Un effort a été entrepris pour mieux coordonner les évaluations environnementales et éviter les évaluations ou les études d'impact redondantes . Le rapport Duport du 3 avril 2015 a mis en évidence des marges de simplification administrative importantes dans le domaine des évaluations environnementales, aussi bien celles relatives aux plans et programmes visés par la directive 2011/92/CE que celles touchant aux projets publics et privés entrant dans le champ de la directive 2014/52/UE. Le 2° de l'article 106 de la « loi Macron » habilite le Gouvernement à prendre les dispositions nécessaires à la réalisation de ce programme de simplification.

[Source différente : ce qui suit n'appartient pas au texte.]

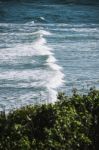 Beach Scene At Kings Beach, Queensland Stock Photo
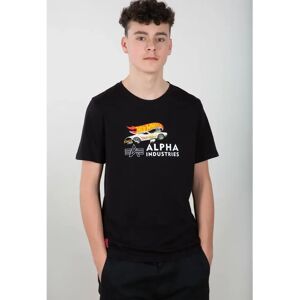 Child's T-shirt Alpha Industries Rodger Dodger Noir 12 years Unisex Child's T-shirt Alpha Industries Rodger Dodger Noir 12 years Unisex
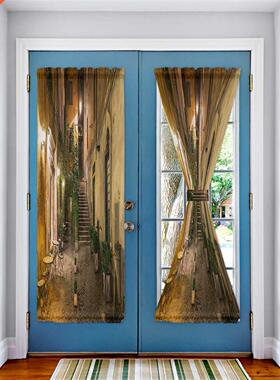 Civil Building House Yard Italy Door Curtain Kitchen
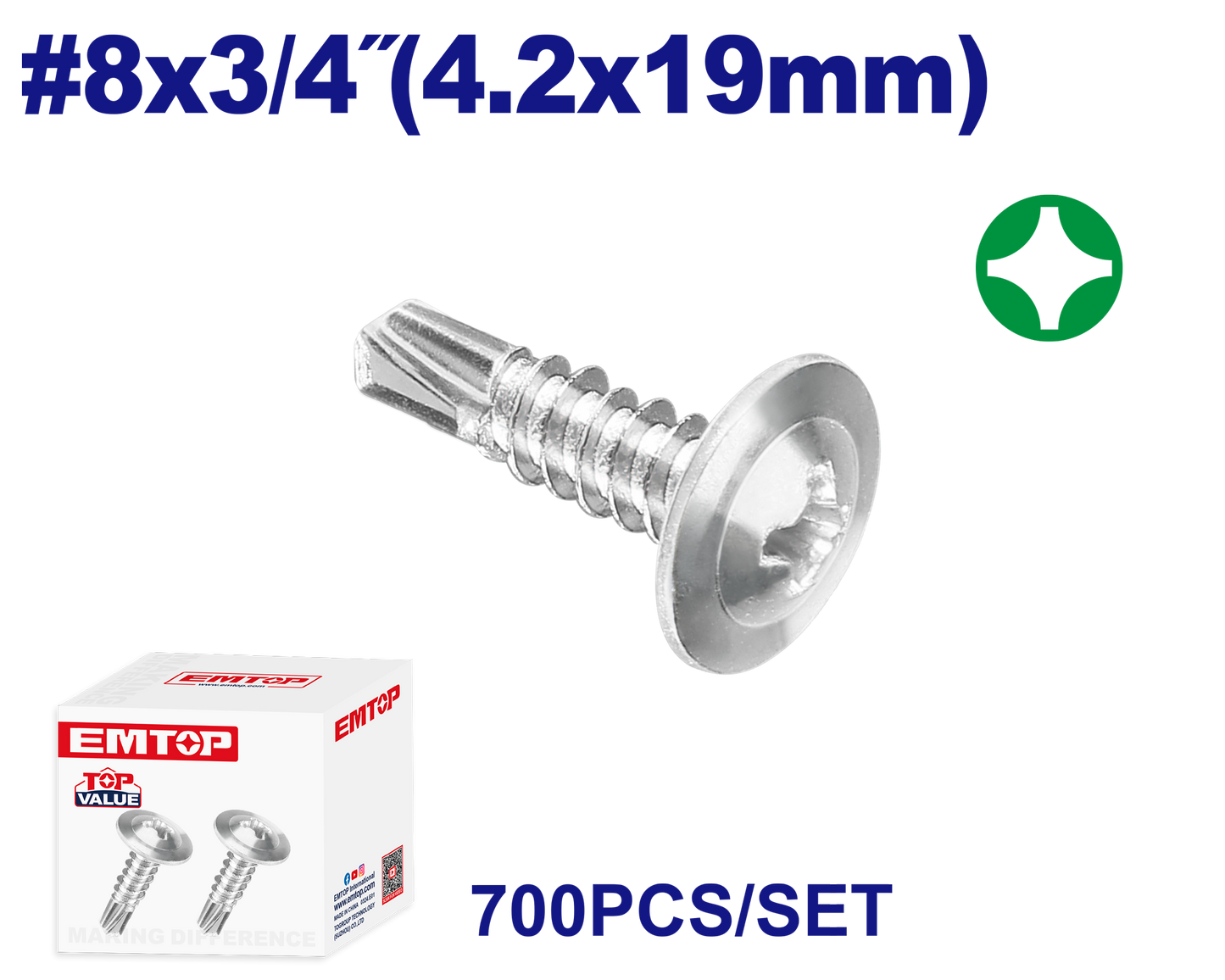 4.2x19mm şurup 700 ədəd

Un autre axe essentiel de simplification concerne l'intégration et l'encadrement du délai des procédures d'autorisation environnementales . Sur le fondement de la loi n° 2014-1 du 2 janvier 2014 habilitant le Gouvernement à simplifier et sécuriser la vie des entreprises, l'ordonnance 2014-355 du 20 mars 2014 ouvre la possibilité d'expérimenter une procédure intégrée pour les installations classées pour la protection de l'environnement (ICPE) et l'ordonnance 2014-619 du 12 juin 2014 fait de même pour les installations, ouvrages et travaux et activités contrôlés au titre de la loi sur l'eau. La « loi Macron » (art. 103) a étendu le champ de ces expérimentations qui devraient déboucher sous peu sur la création d'un permis environnemental unique. L'article 145 de la loi n° 2015-992 relative à la transition énergétique pour la croissance verte du 17 août 2015 a généralisé à l'ensemble du territoire national l'expérimentation de la procédure d'autorisation unique IOTA.